You definitely feel welcome in Ireland. But there's more to do there than just talk to Irish people in pubs. You can also drive around the countryside, alternately remarking "Look, sheep!" and "Here's another tractor!" You can visit a bunch of old castles built by the Normans, who at one point conquered Ireland despite being called the "Normans," which is, let's face it, not an impressive-sounding name. It's kind of like being conquered by the "Freds."
Probably the best-known
castle is the one in the town of Blarney, which contains the famous Blarney
Stone. To get to it, you have to climb steep, narrow, tourist-infested
steps to the top of the castle; there, a local man holds you as you lean
out over the castle wall and kiss the Blarney Stone. Legend has it that
if you do this, you will give the man a tip.
Also at a castle in a town called Kilkenny I saw a local radio station doing a live remote broadcast, featuring a Frozen Food Challenge in which a resident had to answer a multiple-choice question on the history of refrigeration. She got it right, and won a hamper of frozen foods.
"Brilliant!" she said.
But in my opinion the cultural highlight of the trip occurred in the town of Ennis, where a pub called Brandon's had a sign outside that said "Traditional Irish Music." This turned out to be a traditional Irish Elvis impersonator. I realize that there are literally thousands of quality Elvis impersonators, and I'm sure you've seen some excellent ones, but I am here to tell you that this one, in this unremarkable town in western Ireland, was beyond question the worst Elvis impersonator in world history.

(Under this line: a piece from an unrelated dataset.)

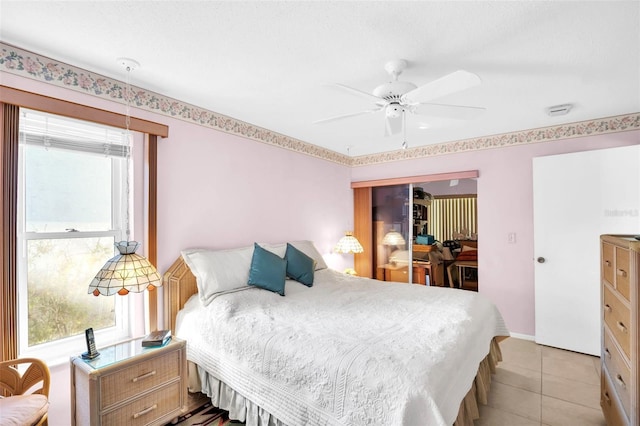 bedroom with light tile patterned flooring and a ceiling fan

He sang along to a tape of instrumental Elvis tunes, which he played on a sound system that he never, not once in two solid hours, got adjusted right. Every time he'd start singing a song, the sound system would screech and honk with feedback; Elvis would then whirl around and spend minutes at a time unsuccessfully adjusting various knobs while he mumbled the lyrics, so that for most of the evening all you saw was Elvis' butt, accompanied by screeching and honking and vague off-key singing.
Often, by the time he'd finished twiddling the knobs, Elvis had lost track of what song he was singing; he'd frown into the distance, trying various tunes until he thought he was on the right track, at which point the screeching and honking would start up, forcing Elvis to whirl back around, like a man being attacked by bees, and treat the audience to another lengthy view of his butt. The crowd, which I will frankly admit was consuming alcoholic beverages, enjoyed this performance immensely, cheering wildly at the end of each song. They like their fun, the Irish. I'm definitely going back some day. Maybe I'll rent a tractor.